17. The non-transitory machine-readable storage medium according to claim 15, wherein the processor is further configured to:
generate second navigation information based on the current lane of the intelligent driving device and the feasibility of each lane-level path, wherein the second navigation information indicates a third lane-level path from the current location to the target location; and
generate the first navigation information based on first environment information around the intelligent driving device and the second navigation information, wherein
the first environment information comprises at least one of an obstacle location, an obstacle density, and a road marking line in the current lane.
18. The non-transitory machine-readable storage medium according to claim 17, wherein the processor is further configured to:
control a display apparatus of the intelligent driving device to change from displaying the second navigation information to displaying the first navigation information.
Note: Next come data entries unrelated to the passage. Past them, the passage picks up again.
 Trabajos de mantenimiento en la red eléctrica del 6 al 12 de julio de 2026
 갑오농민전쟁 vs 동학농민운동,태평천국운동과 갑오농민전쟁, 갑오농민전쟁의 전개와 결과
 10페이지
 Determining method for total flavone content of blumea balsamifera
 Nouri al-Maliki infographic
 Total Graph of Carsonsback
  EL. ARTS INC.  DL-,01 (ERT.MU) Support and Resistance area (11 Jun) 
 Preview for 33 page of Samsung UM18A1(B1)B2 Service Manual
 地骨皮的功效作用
19. The non-transitory machine-readable storage medium according to claim 17, wherein the processor is further configured to:
determine the third lane-level path and a fourth lane-level path from the at least two lane-level paths based on the current lane of the intelligent driving device; and
when a feasibility of the third lane-level path is higher, generate the second navigation information based on the third lane-level path.
20. The non-transitory machine-readable storage medium according to claim 15, wherein the processor is further configured to:
determine a local lane-level topology of a current traveling road of the intelligent driving device based on second environment information around the intelligent driving device, wherein the second environment information indicates road boundaries of the current traveling road, and the current traveling road comprises the current lane;
determine a matching degree between the local lane-level topology and a first part of the lane-level topology, wherein the first part is where the lane-level topology overlaps with the current traveling road;
when the matching degree is less than or equal to a preset threshold, determine a fifth lane-level path of the intelligent driving device on the current traveling road based on the current lane, the feasibility of each lane-level path, and the local lane-level topology; and
generate the first navigation information based on the fifth lane-level path.